One of the best things about Adele is the candour of her lyrics – on this song, she literally just says “I swear to God, I am such a mess” in what is the prettiest rendering ever uttered of something I have said word for word during a rancid hangover – and this song is testament to that. Divorced, yes; amazing and genuine and actually a bit heartbreaking? Undoubtedly, also yes.

1) ‘To Be Loved’

The most divorced song of Adele’s career, certainly, but also probably the best. Everyone I know who saw this video – of Adele sitting on a couch, singing “To Be Loved”, a six-minute epic featuring notes and runs of seismic consequence – reportedly cried as a result.
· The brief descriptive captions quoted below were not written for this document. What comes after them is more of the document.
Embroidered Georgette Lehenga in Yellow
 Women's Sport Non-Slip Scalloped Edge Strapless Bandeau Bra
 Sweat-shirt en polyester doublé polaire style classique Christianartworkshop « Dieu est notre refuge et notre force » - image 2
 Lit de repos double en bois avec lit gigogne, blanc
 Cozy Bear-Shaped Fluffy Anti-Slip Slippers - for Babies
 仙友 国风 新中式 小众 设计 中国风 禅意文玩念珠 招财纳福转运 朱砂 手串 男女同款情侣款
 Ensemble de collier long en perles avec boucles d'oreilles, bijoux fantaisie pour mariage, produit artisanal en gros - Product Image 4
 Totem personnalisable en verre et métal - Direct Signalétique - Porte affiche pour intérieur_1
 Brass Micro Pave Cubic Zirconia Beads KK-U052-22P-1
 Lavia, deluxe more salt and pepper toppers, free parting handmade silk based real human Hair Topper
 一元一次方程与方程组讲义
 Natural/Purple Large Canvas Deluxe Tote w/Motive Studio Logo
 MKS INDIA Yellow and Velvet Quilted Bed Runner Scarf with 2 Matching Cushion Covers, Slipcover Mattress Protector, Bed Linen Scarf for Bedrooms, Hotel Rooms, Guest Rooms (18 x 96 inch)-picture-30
If there is one thing divorce is probably going to make you do, it’s sob uncontrollably!

The recorded version of “To Be Loved” is an initially sparse piano ballad featuring the rawest and most fragile-sounding Adele vocal, featuring some home truths about losing yourself in romantic love. It is a gorgeous, triumphant moment on the album, and the sort of song that will have you packing your boyfriend’s shit up in bin bags and chucking them out the window and onto the pavement with mascara running artfully down your face, even if you’re in a perfectly happy relationship. So, everything you were hoping for, basically!